Providers should aim to answer the first question routinely by collecting user, engagement and feedback data—because this is part and parcel of delivering a good quality service. But, critically, providers do not have to answer the second question all the time. Once we are confident something is effective we can stop testing it. Measuring outcomes and impact should be reserved for when there are gaps in our understanding; new approaches or practices, user groups, contexts and other unanswered questions. And we should start small; record observational evidence of outcomes where possible, leading to more robust studies with small samples and eventually larger evaluations—but only if there is funding for it and a strong rationale in terms of improving the evidence base. Moreover, larger studies should be coordinated across providers and run by specialists to maximise quality—like the ongoing learning element of the Youth Investment Fund.

The effect of this change could be profound. If providers feel less pressure to ‘prove’ their own version of the youth work model, our energies might be better directed towards strategic questions like how to reach and engage those young people experiencing the greatest need, understanding the mechanisms that work across different settings, and which aspects of programme design are most valuable, for whom and why. This is the real opportunity for an evidence led social sector, not the endless cycle of programme evaluations, which are often more about organisations ticking a box rather than learning, and so have limited influence on wider practice.

This argument does raise the question of when we can be confident something is effective? And my third point is to reject the view that confidence can only be provided by programme-level Randomised Control Trials (RCTs) which compare treatment to control groups[1]. The logic behind RCTs is powerful, but this power diminishes as the focus of what is being studied is broadened.
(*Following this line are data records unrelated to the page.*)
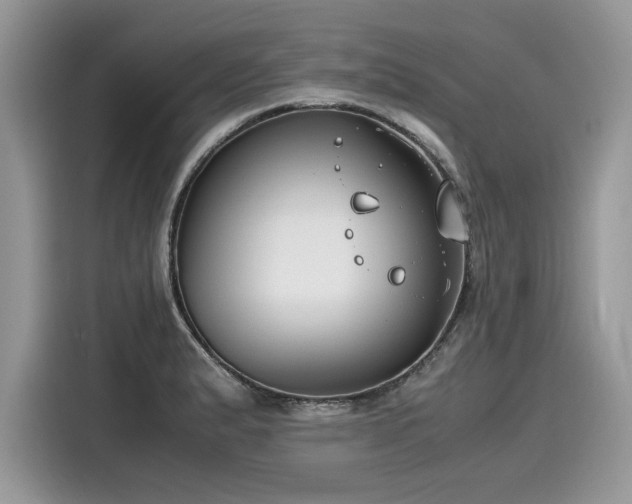 X0000116271183200911301207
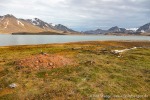 230715_Tomtodden_10_D
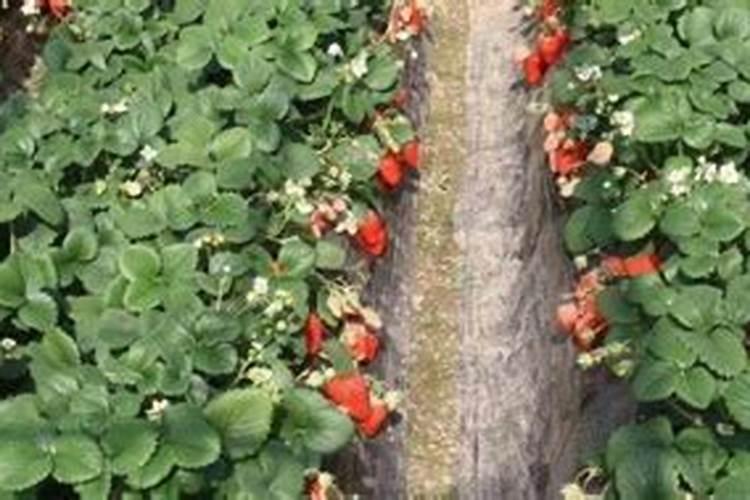 硝态氮和铵态氮能一起用吗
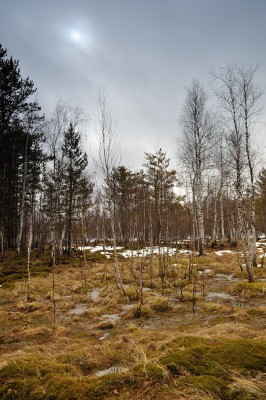 DSC_9167.JPG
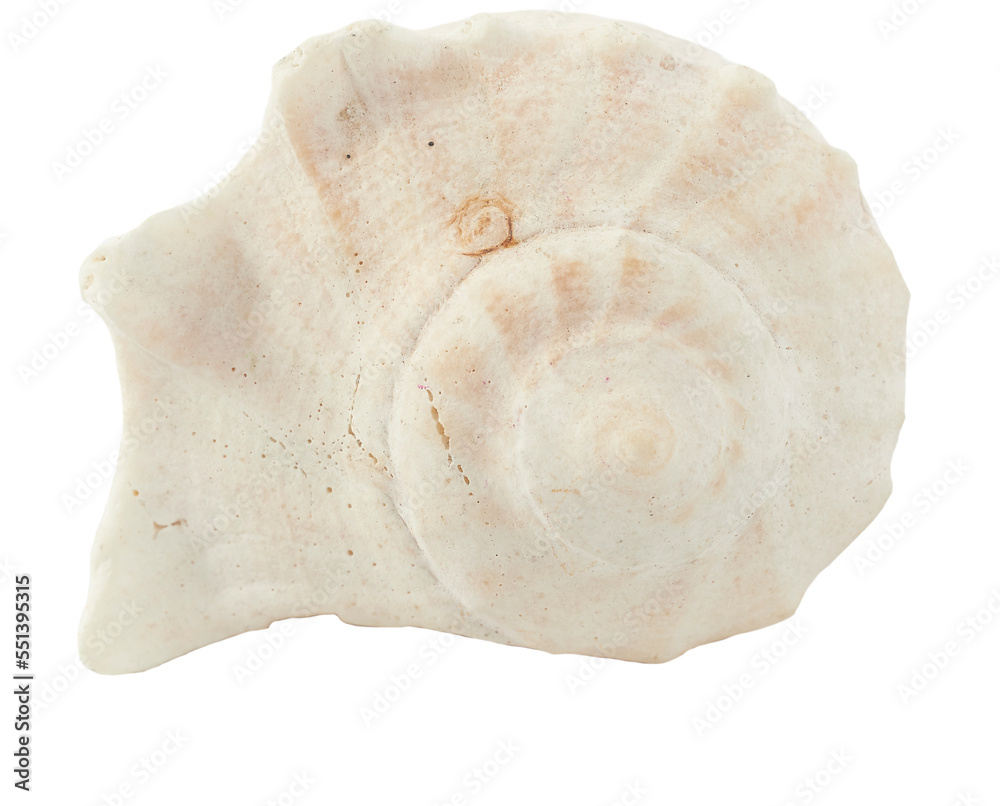 caracol marino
So, a scientist in a laboratory can, theoretically, control all conditions to be sure they are testing the effect of one thing on another, but a youth provider cannot control or limit the countless daily processes and choices needed to deliver a ‘programme’ (nor should they try to).

The results of RCTs of youth programmes are the product of a unique context, innumerable events that will never be repeated, and at best give us a clue that something about a ‘programme’ has worked for some participants. This has limited generalisability, so does not ‘prove’ that the programme will work elsewhere, and it doesn’t explain how the programme worked. It is argued that repeated RCTs will start to turn these clues into an evidence base, and this has happened—over decades—in specialist fields like cognitive behavioural therapy, but we are a long, long way from that. For example, the Realising Ambition programme took six years and a good part of its budget on producing just two inconclusive RCTs. It is hard to argue that more of these kinds of studies are the best use of our resources.
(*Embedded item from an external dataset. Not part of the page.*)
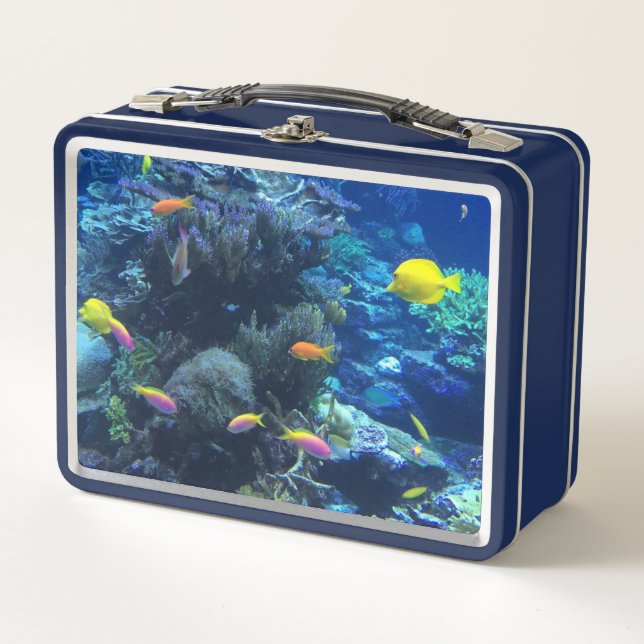Lunch Box Poisson Tropical Jaune Photo Sous L'Eau (Devant)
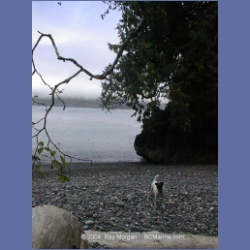 2002_514_Klaskino_Inlet.html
This is not an admission of defeat, but an opportunity. Once we accept the natural limits to the level of ‘proof’ available in the youth sector, we can refocus on genuinely useful research questions. It should also help us to appreciate the value in all types of research, from validated surveys, benchmarking and value for money analysis, to practitioners’ observations; what Nancy Cartwright has referred to as ‘vouching’ rather than ‘clinching’ evidence.[2] Indeed, if we draw on all the vouching evidence already available, we could probably make a very strong case for ‘what works’ in supporting young people.
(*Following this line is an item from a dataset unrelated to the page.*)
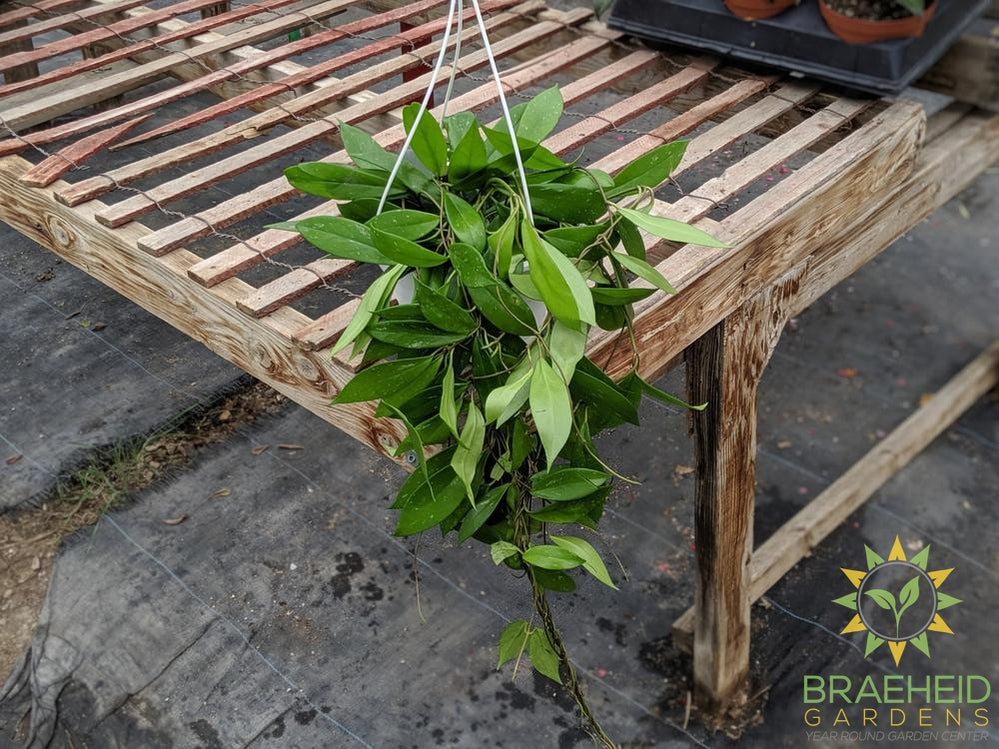 Shop Hoya pubicalyx plant hanging basket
In summary, this is a call is for a rethink of what ‘measurement’ is for, and what it can achieve. I want us to move away from the cycle of funders and commissioners always expecting outcomes and impact data, and providers trying to ‘prove’ themselves in denial of the constraints, towards a ‘real world’ attitude to measurement, with a better set of research questions and methods that can answer them.

----------
[1] And by extension the standards of evidence that privilege these kinds of studies.